Our hope that Adam Sandler will return to the hilarity of "Happy Gilmore" and "The Wedding Singer," is the primary reason nonsensical, inept garbage like "You Don't Mess with the Zohan," exists.
I saw "Zohan" with the same jaded optimism that sent me to the theater for the lame 2006 summer movie "Click," where Sandler finds a magical remote control that can fast forward through the boring parts of his life. Not even the somewhat imaginative premise could save it from banality.
Then there was last summer's poorly conceived attempt to apologize to GLAAD for all of Sandler's past homosexual jokes with last summer's incompetent and culturally irresponsible "I Know Pronounce You Chuck and Larry."
Now, one summer later, Sandler pokes fun at the Israeli-Palestine conflict by playing a Mossad Counter terrorist agent pursuing his dream of styling hair.
The character sends up action film conventions by making Zohan an invincible Rambo-type action hero who catches bullets with his nostrils and fish with his buttocks. He also swims faster than a Sea-Doo and kills men with his own severed hand.

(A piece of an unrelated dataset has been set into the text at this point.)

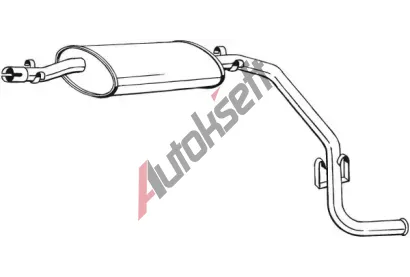 BOSAL Zadn� tlumi� v�fuku BS 283-685, 283-685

If that last part doesn't make sense, it doesn't in the context of the film either. Nothing does. There is no cohesion, no attempt at suspending disbelief and zero respect for the medium of film or the audiences who drop cash at the box office, clinging to the dying hope of a late-nineties Sandler revival.
Whenever I see a film as terrible as "Zohan," I surf the web looking for anyone with a differing opinion. While on that search, I came across reviews that used the term "film" in their descriptions.
Well, since you can't tell if a movie used a digital camera or an actual 35 mm film camera, it's time to start using the word as a qualifier.
A film has a plot. A film is a 90 minute narrative with basic storytelling structure. In Zohan, there is no structure, no plot; it's just a painful two-hour long series of sketches filled with poor taste for the sake of poor taste. He has sex with old women, he proves his manliness by letting a piranha nibble on his niblets and the only way he knows he has feelings for the stereotypical love interest is that he loses his sexual prowess towards old women. You know a filmmaker lacks talent when he uses the absence of an erection to show true love.
Sandler gets paid millions to make this dreck and he does so because he thinks we like it. He and the studios see the big opening weekends and think this is what we want. When in actuality, the only reason the film opens well, is the hope of something better.
I saw this film in a packed movie theater in the front row. Out of sheer boredom, I turned to look at the other patrons to see their reaction. I could practically see myself in their glossy eyes. I even heard one teen turn to his friend and ask, "Was that funny?"
No. Not even remotely and I think Sandler knows he doesn't have what it takes anymore. He's not stupid. Even he can see how terrible "Click," "Chuck and Larry," "Big Daddy," or "Mr. Deeds" were. Why else would he stoop to poking fun at a conflict that has seen millions of innocent men and women killed? It's because he'll try anything to get his thunder back. We need to stop being his personal sounding board and I think last weekend's box office receipts are a good indication that we have started.
Normally, a $40 million opening weekend would be impressive, but the fact that Dreamworks Animation's "Kung-Fu Panda" trounced "Zohan," shows that audiences are ready for something more fresh and innovative than Sandler has to offer.
We can only hope that Sandler and the studio executives are paying attention. We want funny "films," not sketches that would be rejected on Saturday Night Live.